The celebration was organized in partnership with GFDD and FUNGLODE and was held at FUNGLODE’s headquarters in Santo Domingo, preceded by the screening of the documentary film Ocean Voyageurs. The film follows a mother whale and her young calf on their sometimes perilous journey of discovery, and much of the footage presented was captured at the Marine Mammal Sanctuary off the coast of Samaná.

Invited guest speakers included renowned oceanographer Dr. Sylvia Earle, Minister of the Environment in the Dominican Republic, Don Ernesto Reyna and Dra. Idelisa Bonnelly de Calventi, President of the Dominican Foundation for Marine Research (FUNDEMAR).
Historically the role of the Dominican Republic as a world leader in the conservation of marine mammals is well established. On October 14, 1986, the Dominican Republic recognized the vital importance of the Silver Bank by establishing the La Plata Bank National Marine Sanctuary, also known as the Silver Bank Sanctuary.

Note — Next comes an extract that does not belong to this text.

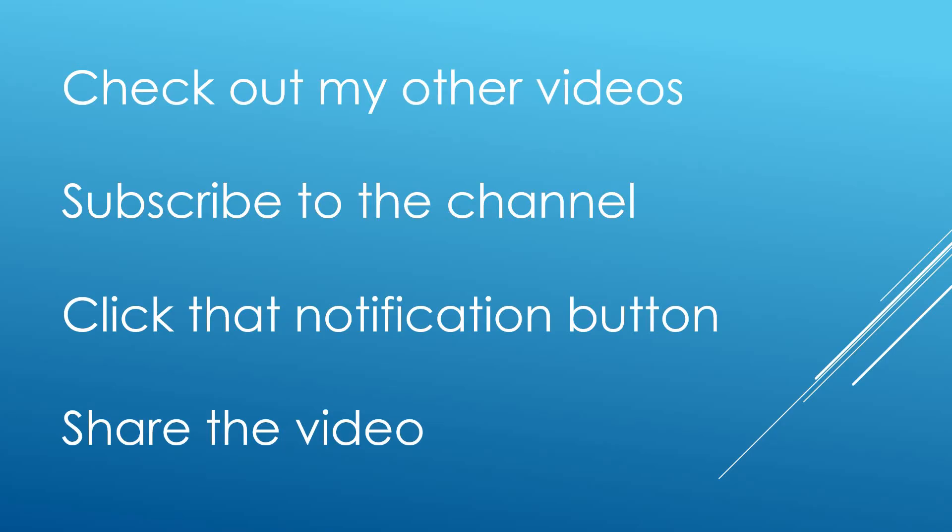Thanks a lot for watching. Check out my other videos on the channel - there's lots of great content on there, and I am uploading as much as I can at the moment. Do subscribe to the channel if you haven't already and click that notification button to be made aware of when new videos are uploaded. Feel free to share the video around and let's create a community. Thanks a lot for watching.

Ten years later the Dominican Republic strengthened that commitment on July 5, 1996, when a presidential decree enlarged the Sanctuary to its current size and renamed it the ‘Sanctuary for the Marine Mammals of the Dominican Republic.’ 

President Leonel Fernández and Dr. Earle
As part of the Sanctuary, all activity on the Silver Bank must adhere to strict guidelines set forth by the office of the Sub-Secretariat of Protected Areas & Biodiversity of the Dominican Republic, and is overseen by the on-site Coordinator of the Silver Bank. Among other things, these guidelines limit the number of vessels on the Silver Bank. In fact, no vessel may visit the area without a permit.

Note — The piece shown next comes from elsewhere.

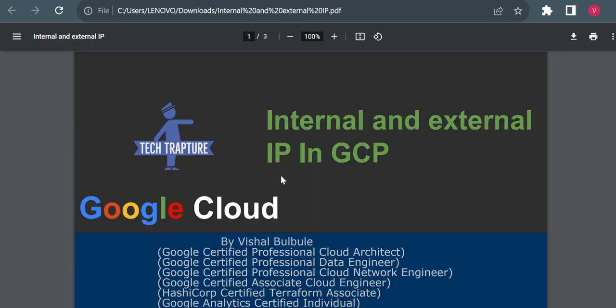That's it for internal and external IP in GCP. If you have any questions or doubts, just let me know. I'll try to answer it in the comment section.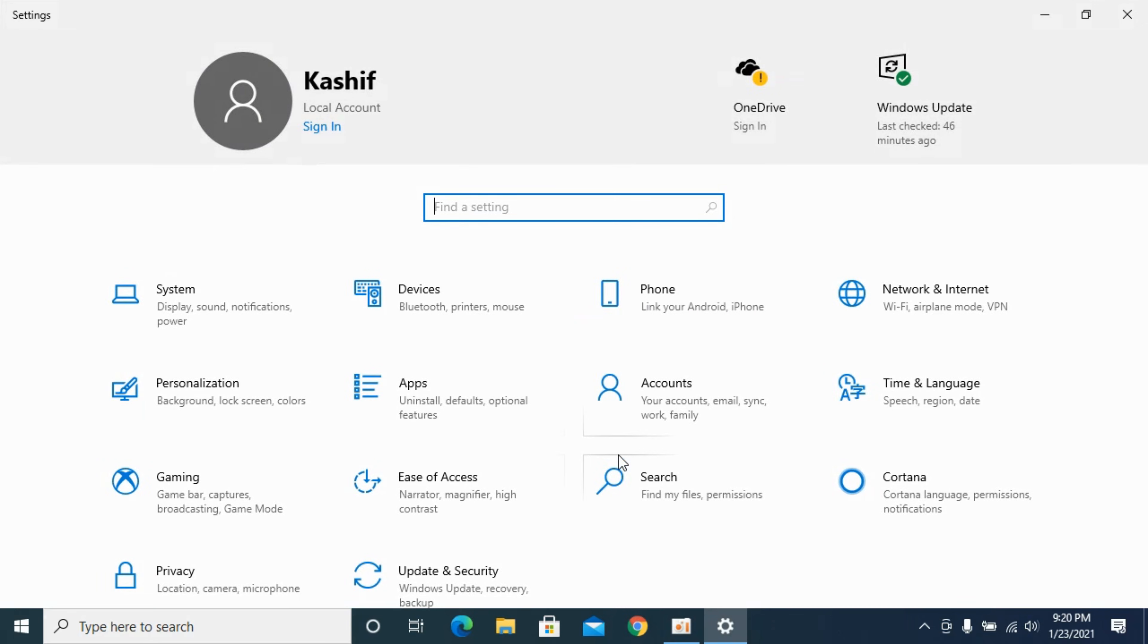This will open up your Settings and once you are here you have an icon of Accounts. Simply go and click on Accounts.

 La Plata Bank National Marine Sanctuary later inspired the creation of the Stellwagen Bank National Marine Sanctuary. This 842-square mile stretch of open water at the mouth of Massachusetts Bay is home to some 1,600 humpback whales of the more than 10,000 that migrate to the areas of Banco de Plata, Navidad and Samaná Bay each year. The whales travel between the rich feeding grounds of the Stellwagen Bank before heading south to the warmer waters of the Dominican Republic to give birth to their calves between December and April. Now, the Silver Bank is proud to host the largest concentration of whales in the world.

Dr. Earle met with the Director of the fishing cooperative at the La Caleta marine protected area, who took action to start conserving his reef area in collaboration with Reef Check. On a dive with Reef Check to explore the newly created marine protected area at La Caleta, Dr. Earle was pleased to see baby fish and healthy coral returning to the reef. 

The creation of the Dominican Republic’s  cutting-edge marine mammal sanctuary was made possible through the hard work and vision of many individuals, organizations and institutions, including FUNDEMAR, CIBIMAR and CEBSE.  We look forward to watching what the next 25 years will bring for this historic and inspirational corner of hope on our blue planet.